[THE DATA — start]

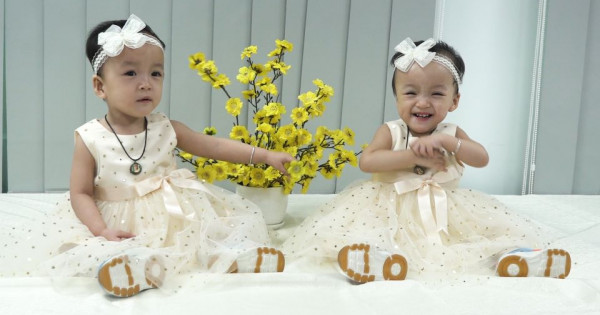 5 tháng sau ca mổ tách dính, Trúc Nhi và Diệu Nhi đã biết đi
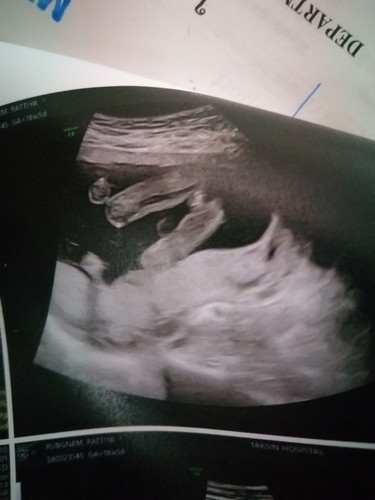 แบบนี้ผู้หญิงหรือชายผู้ชายคะ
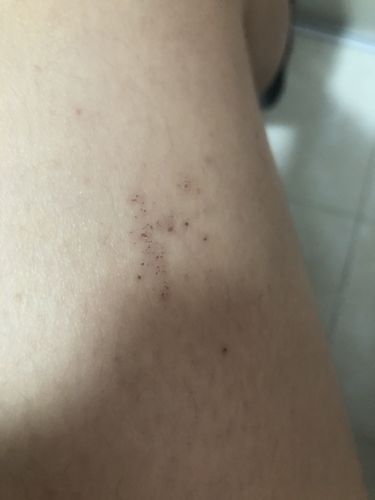 如图,前两天熬夜然后就长了这个会破皮会结痂洗澡有点点疼……是什么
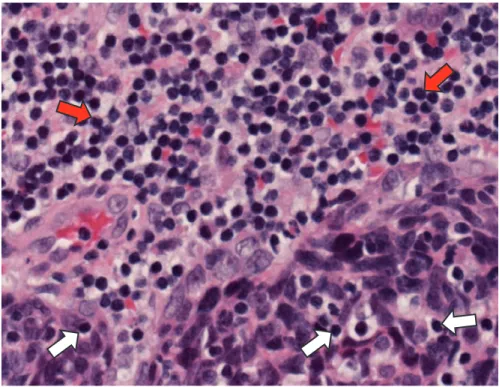 Fig. 2  Tumour infiltrating lymphocytes (white arrows) in HPV associated oropharyngeal carci- carci-noma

[THE DATA — finish]

DIRECTIONS -
Copy out every line of the data above, taking care to leave the pictures out.

SOLUTION TO THIS TASK -
 5 tháng sau ca mổ tách dính, Trúc Nhi và Diệu Nhi đã biết đi
 แบบนี้ผู้หญิงหรือชายผู้ชายคะ
 如图,前两天熬夜然后就长了这个会破皮会结痂洗澡有点点疼……是什么
 Fig. 2  Tumour infiltrating lymphocytes (white arrows) in HPV associated oropharyngeal carci- carci-noma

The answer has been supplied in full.